Shooting the Shooter

Brad Will went to Mexico to document an uprising. He ended up filming his own murder.

click to enlarge Independent journalist Brad Will spent years covering Latin American protests before he was killed on the job in October 2006. - Courtesy bradwill.org
Courtesy bradwill.org
Independent journalist Brad Will spent years covering Latin American protests before he was killed on the job in October 2006.

Throughout the summer and fall of 2006, the southern Mexican state of Oaxaca was on fire. Police squads rolled through the cobblestone streets of this colonial state capital, the hired guns of an unpopular governor, peppering with automatic weapons the barricades erected by masked rebels. Hundreds were killed, wounded or imprisoned.

Brad Will, a 36-year-old video journalist for New York Indymedia, felt he had to be there.

When Will arrived, foreign journalists were being treated as terrorists by the government-controlled media: "¡Si ves a un gringo con cámara, mátalo!" the radio chattered. "If you see a gringo with a camera, kill him!"

For much of the afternoon of Oct. 27, Will had been filming armed confrontations on the barricades just outside the city. He was trapped in the middle of a narrow street while gunshots boomed all around him, but he kept filming, looking for the money shot.

He found it: On his final bits of tape, you see two killers perfectly framed up, their guns firing. You hear the fatal shot and experience Will's shudder of dismay as the camera tumbles from his hands and bounces along the sidewalk. Photos taken at the same time by the Mexican newspaper El Universal show the same gunmen.

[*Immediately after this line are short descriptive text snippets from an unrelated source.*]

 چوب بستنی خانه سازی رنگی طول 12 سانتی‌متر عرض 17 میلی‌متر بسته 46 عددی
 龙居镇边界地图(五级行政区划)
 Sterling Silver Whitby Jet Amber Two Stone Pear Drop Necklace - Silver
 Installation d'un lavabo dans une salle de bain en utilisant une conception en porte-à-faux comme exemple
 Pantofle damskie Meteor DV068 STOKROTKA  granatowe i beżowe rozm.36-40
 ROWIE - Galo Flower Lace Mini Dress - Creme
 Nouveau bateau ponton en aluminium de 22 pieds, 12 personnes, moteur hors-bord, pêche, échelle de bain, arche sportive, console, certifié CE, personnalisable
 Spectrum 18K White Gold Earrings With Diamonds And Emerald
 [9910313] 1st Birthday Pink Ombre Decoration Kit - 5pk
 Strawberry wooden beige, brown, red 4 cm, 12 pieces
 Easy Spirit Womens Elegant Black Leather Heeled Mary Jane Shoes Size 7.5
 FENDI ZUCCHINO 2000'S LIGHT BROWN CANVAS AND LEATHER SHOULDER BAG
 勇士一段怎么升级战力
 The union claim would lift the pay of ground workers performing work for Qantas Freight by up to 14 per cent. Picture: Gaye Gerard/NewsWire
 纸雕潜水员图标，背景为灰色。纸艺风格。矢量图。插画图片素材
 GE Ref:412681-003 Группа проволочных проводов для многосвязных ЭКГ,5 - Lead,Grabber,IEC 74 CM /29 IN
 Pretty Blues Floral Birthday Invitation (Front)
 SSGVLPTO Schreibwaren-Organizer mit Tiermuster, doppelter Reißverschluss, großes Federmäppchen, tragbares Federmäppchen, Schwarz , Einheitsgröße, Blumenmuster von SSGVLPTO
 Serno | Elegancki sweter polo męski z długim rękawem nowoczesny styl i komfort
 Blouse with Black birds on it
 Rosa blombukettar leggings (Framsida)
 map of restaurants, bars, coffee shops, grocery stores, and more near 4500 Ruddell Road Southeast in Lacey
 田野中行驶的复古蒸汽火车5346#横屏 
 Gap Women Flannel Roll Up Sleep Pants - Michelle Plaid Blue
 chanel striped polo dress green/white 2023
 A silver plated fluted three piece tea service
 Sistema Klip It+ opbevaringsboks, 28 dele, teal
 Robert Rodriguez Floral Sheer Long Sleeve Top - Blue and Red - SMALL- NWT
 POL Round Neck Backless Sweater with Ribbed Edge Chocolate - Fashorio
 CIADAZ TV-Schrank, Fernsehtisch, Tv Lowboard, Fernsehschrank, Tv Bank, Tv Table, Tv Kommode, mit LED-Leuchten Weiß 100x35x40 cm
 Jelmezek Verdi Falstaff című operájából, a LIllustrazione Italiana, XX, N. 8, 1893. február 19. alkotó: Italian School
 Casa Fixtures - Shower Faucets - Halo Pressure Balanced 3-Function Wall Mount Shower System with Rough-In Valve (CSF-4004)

By all visible evidence, Will filmed his own murder. But this is Mexico, and Will's apparent killers continue to live in Oaxaca, free and, it seems, untouchable.

Heading South

As acivists go, Will was out there. He had perched atop the Fifth Street squat on Manhattan's Lower East Side, where he had lived for years, waving his long arms like Big Bird as the wrecking ball swung in. He had been dragged out of City Hall, where he arrived dressed as a sunflower to rescue the neighborhood's community gardens. He was an anarchist and a freegan who tried to subsist on what others threw out. He was also a child of privilege from Chicago's wealthy North Shore who left to join what his fellow activists called the social-change movement.

Will traveled throughout Latin America interviewing labor leaders.

He hosted an incendiary weekly show on Steal This Radio, a pirate station, and he was an early part of Indymedia, the Web publication that grew out of the World Trade Organization protests that rocked Seattle in 1999.

With his long hair neatly tied back and parted down the middle, his granny glasses and fringe beard, and his fierce commitment to building community, Will seemed to have emerged whole from the time before Nixon.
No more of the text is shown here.